Une résidence au musée Camille Claudel

Dernière mise à jour : 9 sept. 2023

J'ai passé le printemps dans l'Aube, accueillie au domaine du Tournefou pour une résidence d'écriture de deux mois au musée Camille Claudel. Pendant ce temps d'isolement, j'ai pris soin de créer un "bain" d'images, de sons, de musiques et de textes dans lesquels m'immerger. J'y plongeais chaque jour jusqu'à y fusionner le quotidien.
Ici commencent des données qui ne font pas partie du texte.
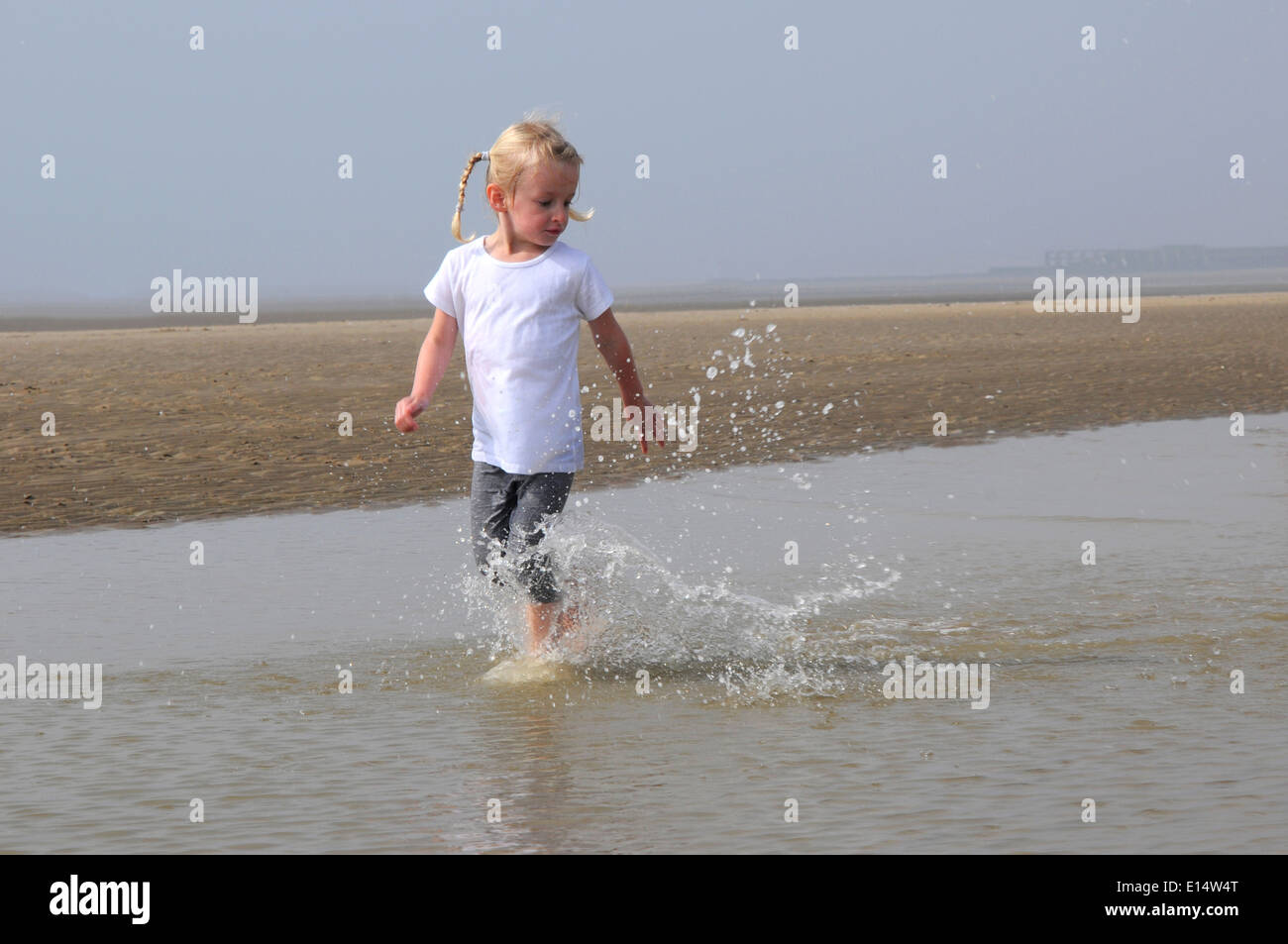 Young girl running through water on the beach Stock Photo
Le reculement du domaine a favorisé un repli sur soi, un retour propice à la création. Il y eu d'abord une sensation de vide. L'atmosphère plane, l'horizon sans montagnes ont marqué un contraste avec une intériorité foisonnante et émotive. J'ai senti l'impact de l'environnement sur mon corps et sur ma façon d'écrire. C'était à la fois violent et doux, c'était comme entrer en résonance avec moi-même, sans pouvoir reculer. J'ai été seule. J'ai eu pleinement l'espace d'être moi-même, d'être celle que je me demandais d'être.





Dans ce vide, les gonds posés par l'équipe du Tournefou ont été essentiels. Elle a su installer un rythme, un cadre pour explorer le vide et la possibilité d'en sortir. Ce cadre est né d'une confiance et d'un confort fabriqué par elle. Une atmosphère familiale où chaque membre tient une place importante, une place que l'on a pas besoin de conquérir, mais de laquelle il est possible de s'extraire, au besoin. Je n'étais pas la seule membre invitée à cette famille car deux autres résidentes m'ont rejoint. Notre lien s'est tissé par la recherche et par l'art, dans une grande richesse d'échanges et d'entraide.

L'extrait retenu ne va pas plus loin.